Our Story

The history of BRWC/FOB began through the merger of two organizations: the Friends of the Blackstone and the Blackstone River Watershed Council.

How Friends of the Blackstone (FOB) began

The history of the Friends of the Blackstone (FOB), began in 1990. The organization led the way to getting local residents involved in cleanups, the first one being the Captain Wilbur Kelly House. As a result, the Kelly House is now the centerpiece of the Blackstone River State Park. The largest cleanup completed by FOB involved 278 volunteers at multiple sites including the Fanning Wilderness Area, part of the Valley Falls marsh. This site turned into a multi-year project. FOB removed over 10,000 tires and tons of debris from the area. As a result, it is now breathtakingly beautiful and the bike path travels through the heart of it.

The success of these cleanups required partnerships with local residents, businesses, and governments at both the state and federal levels. FOB also urged the RI DEM Fish and Wildlife Division to stock the river with trout and begin a diadromous fish study to bring herring back to the Blackstone River by building a series of fish ladders from Pawtucket to Cumberland.

The History of Blackstone River Watershed Council (BRWC)

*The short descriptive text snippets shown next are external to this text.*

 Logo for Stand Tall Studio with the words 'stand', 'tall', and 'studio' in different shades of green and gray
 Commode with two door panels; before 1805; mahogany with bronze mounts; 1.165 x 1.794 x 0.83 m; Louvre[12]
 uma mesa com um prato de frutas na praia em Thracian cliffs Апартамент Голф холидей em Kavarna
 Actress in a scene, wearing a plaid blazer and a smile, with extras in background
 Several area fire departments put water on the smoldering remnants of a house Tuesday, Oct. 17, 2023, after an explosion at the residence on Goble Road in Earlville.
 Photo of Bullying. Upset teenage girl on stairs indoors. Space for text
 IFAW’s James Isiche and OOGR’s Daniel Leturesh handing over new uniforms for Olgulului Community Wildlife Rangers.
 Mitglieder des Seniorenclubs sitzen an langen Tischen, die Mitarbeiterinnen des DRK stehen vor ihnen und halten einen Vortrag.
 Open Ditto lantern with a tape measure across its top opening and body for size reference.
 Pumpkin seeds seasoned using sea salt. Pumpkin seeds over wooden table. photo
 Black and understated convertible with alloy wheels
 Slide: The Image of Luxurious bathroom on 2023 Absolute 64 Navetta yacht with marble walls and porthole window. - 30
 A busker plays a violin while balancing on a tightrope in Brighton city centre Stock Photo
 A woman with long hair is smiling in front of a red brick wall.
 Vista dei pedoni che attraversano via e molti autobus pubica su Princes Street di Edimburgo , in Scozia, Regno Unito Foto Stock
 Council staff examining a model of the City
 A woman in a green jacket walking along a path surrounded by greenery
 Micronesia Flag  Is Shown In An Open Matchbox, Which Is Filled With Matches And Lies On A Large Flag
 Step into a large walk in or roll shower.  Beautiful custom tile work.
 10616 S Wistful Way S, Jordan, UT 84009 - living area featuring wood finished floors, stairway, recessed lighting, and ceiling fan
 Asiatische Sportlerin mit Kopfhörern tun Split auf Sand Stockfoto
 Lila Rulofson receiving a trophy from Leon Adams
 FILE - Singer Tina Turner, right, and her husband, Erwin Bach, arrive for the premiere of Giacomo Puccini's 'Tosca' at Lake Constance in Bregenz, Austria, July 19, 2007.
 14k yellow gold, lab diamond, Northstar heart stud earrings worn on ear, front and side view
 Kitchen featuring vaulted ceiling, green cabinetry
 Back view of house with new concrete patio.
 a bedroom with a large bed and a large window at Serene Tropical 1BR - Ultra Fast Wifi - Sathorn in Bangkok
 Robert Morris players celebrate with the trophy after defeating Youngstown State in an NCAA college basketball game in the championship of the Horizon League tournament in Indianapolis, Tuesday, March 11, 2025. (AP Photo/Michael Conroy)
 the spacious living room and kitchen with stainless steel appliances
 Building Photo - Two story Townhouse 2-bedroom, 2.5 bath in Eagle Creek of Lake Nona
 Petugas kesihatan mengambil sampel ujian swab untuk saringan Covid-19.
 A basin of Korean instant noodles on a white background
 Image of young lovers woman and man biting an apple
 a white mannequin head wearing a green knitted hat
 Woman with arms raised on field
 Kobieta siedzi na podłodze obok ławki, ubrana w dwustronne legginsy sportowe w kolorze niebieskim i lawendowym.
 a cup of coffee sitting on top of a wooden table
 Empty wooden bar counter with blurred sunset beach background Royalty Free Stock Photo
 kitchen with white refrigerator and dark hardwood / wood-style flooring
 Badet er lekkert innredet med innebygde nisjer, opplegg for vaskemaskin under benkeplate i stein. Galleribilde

The BRWC, founded in 1997, addressed an agenda of involvement in watershed planning. BRWC worked with RI DEM on a Blackstone River Action Plan. In addition, they helped to establish the nation’s first River’s Day and cleanups (e.g., Earth Day), advocacy and education. On October 23, 2004, the membership voted to restructure and reorganization into an autonomous 501(c)(3) corporation. The Blackstone River Watershed Council was incorporated in the State of Rhode Island on March 30, 2005 and given 501(c)(3) status in August 2006, which became effective on January 28, 2005.

Merger of the two organizations

In 2006, the Blackstone River Watershed Council began to explore a merger between themselves and the Friends of the Blackstone. The merger took place later that same year. The organization’s name became the Blackstone River Watershed Council/Friends of the Blackstone (BRWC/FOB).

In addition, the organization was designated by the State of Rhode Island as the official stewards of the Blackstone River. This designation allows the BRWC/FOB to have standing in watershed-related projects.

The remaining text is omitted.